5. Snoopy’s brother is a secret Star Trek fan

Charles Schulz

Charles Schulz

Spike, Snoopy’s brother who lives in the California desert, was shown watching Star Trek in two strips in July 1978... but only if you read the strips in their original newspaper appearance, not in the reprint books. The reason behind the change is a bit dark. When Schulz originally drew these strips, the dialog shown emanating from the TV set in each said “Ah, Colonel Hogan;” clearly Spike was watching the 1960s prisoners-of-war sitcom Hogan’s Heroes. After Schulz submitted the strips to his syndicate but before they saw print,  Bob Crane, the actor who played Hogan, was murdered. Having a humorous reference to his character at that moment would’ve been in bad taste, and so the dialog was adjusted to “Ah, Mister Spock!” The reprint books have all used copies of the strip that had been made before the adjustment occurred.

4. Woodspock

William Johnson

William Johnson

For years, the California city of Santa Rosa celebrated being the home to Schulz’s studio via summer events in which dozens of artists would all be given the same statue of a Peanuts character, to adapt in their own artistic way. In 2006, employees of the analytical instrument company Agilent turned that year’s Woodstock statue into “Woodspock,” placing him aboard the U.S.S. Snoopy. This statue proved popular enough that it was mass-produced in a version that would fit on your desk, and Woodspock himself later reappeared as a limited edition bobblehead.

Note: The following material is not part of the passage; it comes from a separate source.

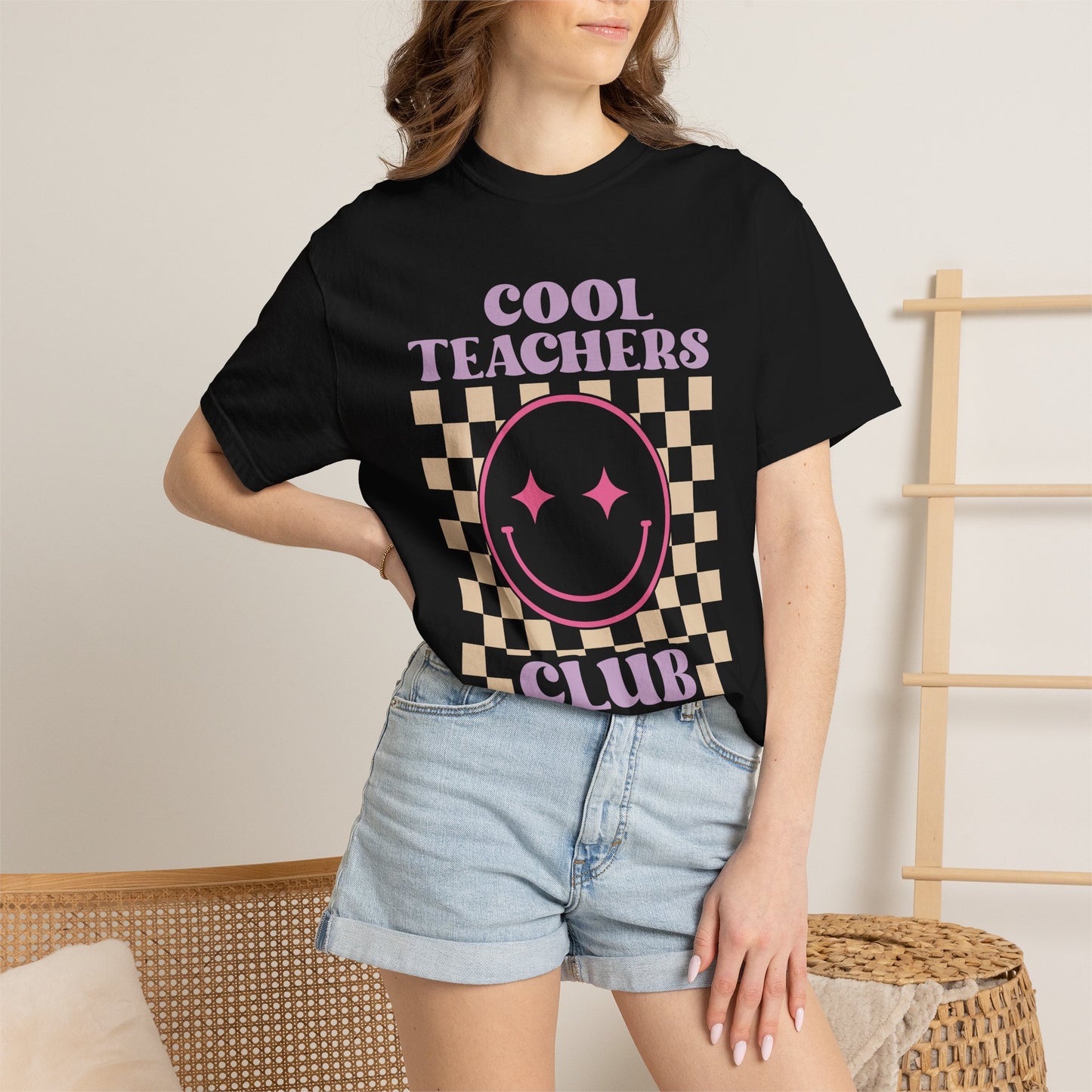 Cool Teachers Club T-Shirt — Retro Checkerboard Smiley Teacher Tee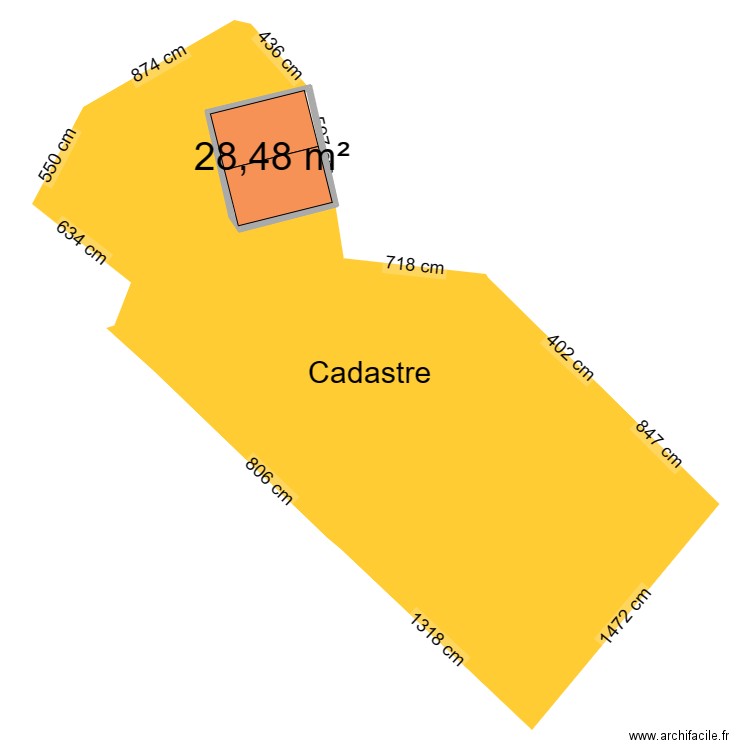 plan masse maison. Plan de 1 pièce et 28 m2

3. Both have been used to promote NASA

The US’s National Air and Space Administration (NASA) has repeatedly taken the goodwill towards space exploration that Star Trek generated and brought it to their own efforts, most notably by hiring Nichelle Nichols (TOS’s Uhura) to help recruit astronauts and bring some of the Enterprise’s diversity to the space program. The NASA/Peanuts partnership is most visible in the form of Snoopy in Space, the animated series that NASA uses to show STEM concepts as well as the space station life for the average beagle. If you think that Snoopy on a space station is unlikely, realize that every manned NASA spaceflight since 1968 has a packet of little silver Snoopy pins. These space-flown items are  used as awards in recognition of those who have helped with the safety and success of space missions.

2. Both have had NASA spacecraft named for them

NASA

NASA

The first space shuttle in NASA’s fleet, unveiled in 1976, was named Enterprise — an appellation given to it at the request of President Gerald Ford after Star Trek fans had campaigned for it. This was seven years after the flight of Apollo 10, which was an everything-but-the-landing test run for the first manned trip to the moon. Apollo 10 had a pair of modules that separated: the Lunar Module, named “Snoopy”, separated from the Command and Service Module, named “Charlie Brown.” The mission was a success. Snoopy was, as planned, abandoned in space, while Charlie Brown brought the astronauts safely home to earth.

1. Snoopy has flown the Enterprise

Charles Schulz

Charles Schulz

Snoopy, in his imagination, has often become the World War I Flying Ace, flying a Sopwith Camel fighter that just happens to look a lot like a doghouse. On just one occasion, though, he instead boldly went where no beagle had gone before. On February 7, 1972, when Linus voices concern that Snoopy must be bored just sitting on his doghouse, Snoopy responds by taking a pose like he’s sitting in the captain’s chair and thinks “Who could get bored flying the star ship Enterprise?” What makes this surprising is its timing. Less than two weeks before, the unexpectedly huge turnout for the very first Star Trek convention ever had demonstrated that Star Trek was not some forgotten show years after its cancellation but an ongoing culture phenomenon. Given the lead time involved in comics production, Schulz would have drawn the strip weeks before the convention. In that way, he was one step ahead.